▼▼▼

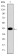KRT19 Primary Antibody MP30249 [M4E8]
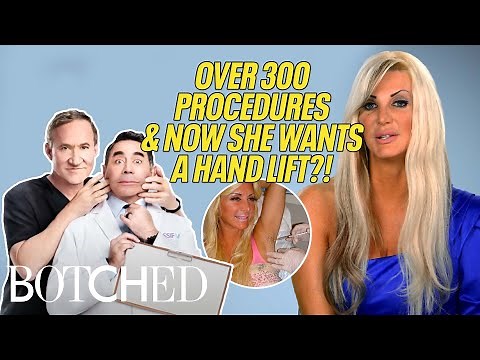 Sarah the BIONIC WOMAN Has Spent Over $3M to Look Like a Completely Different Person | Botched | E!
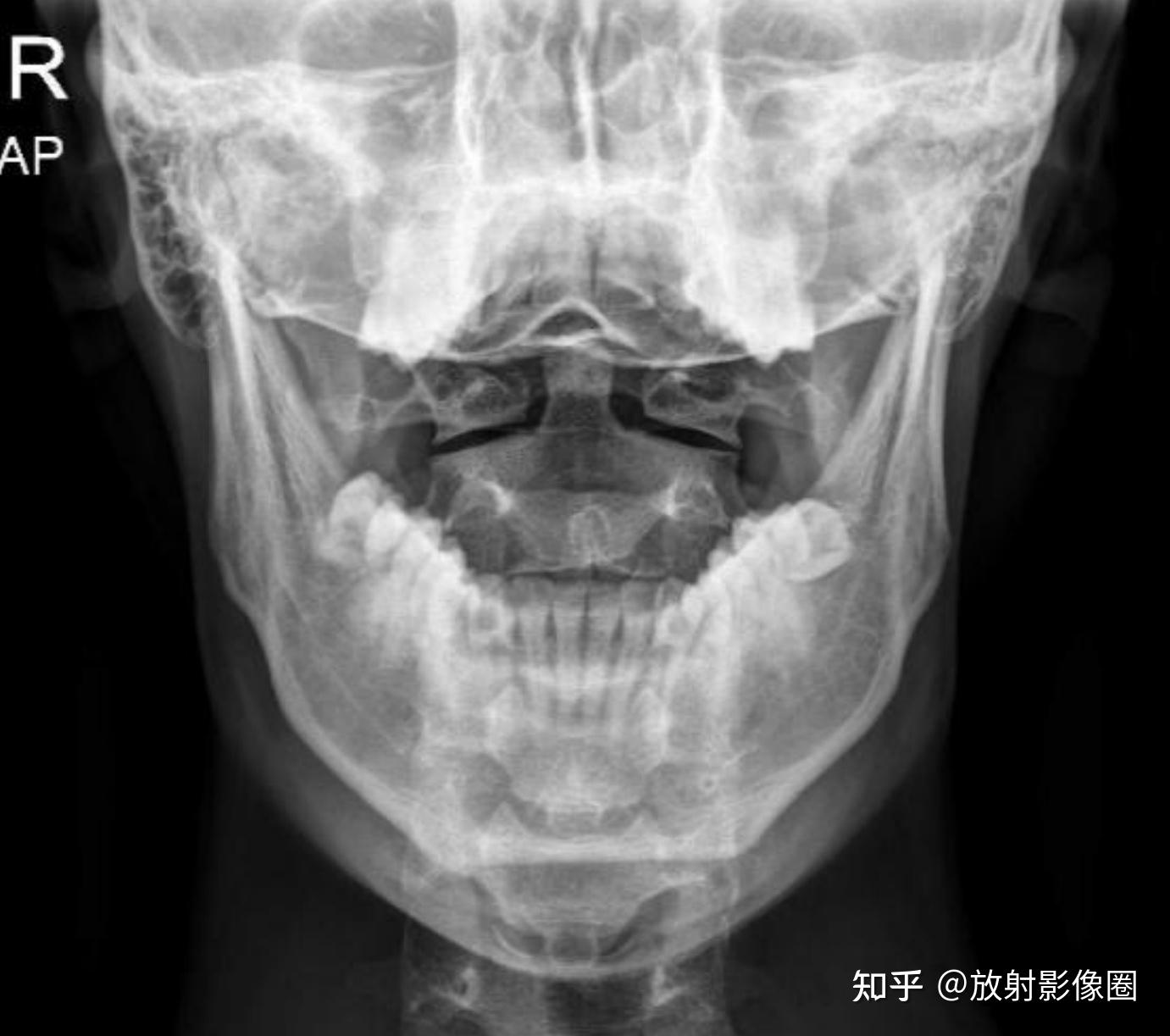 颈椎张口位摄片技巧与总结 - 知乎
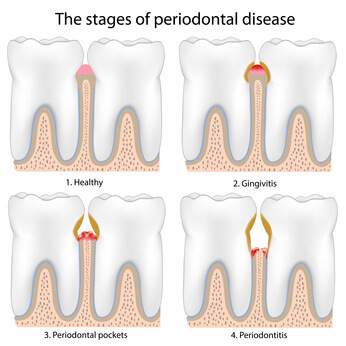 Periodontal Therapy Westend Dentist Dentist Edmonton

▲▲▲
▼▼▼

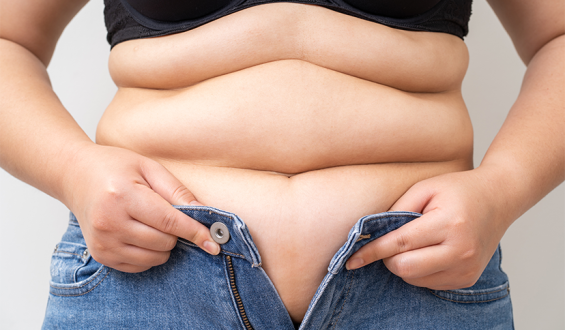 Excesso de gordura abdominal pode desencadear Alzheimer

▲▲▲

A clean copy is needed of the lines in the listing above from the one with "颈椎张口位摄片技巧与总结 - 知乎" through the one with "Periodontal Therapy Westend", exact in every word and free of pictures.

 颈椎张口位摄片技巧与总结 - 知乎
 Periodontal Therapy Westend Dentist Dentist Edmonton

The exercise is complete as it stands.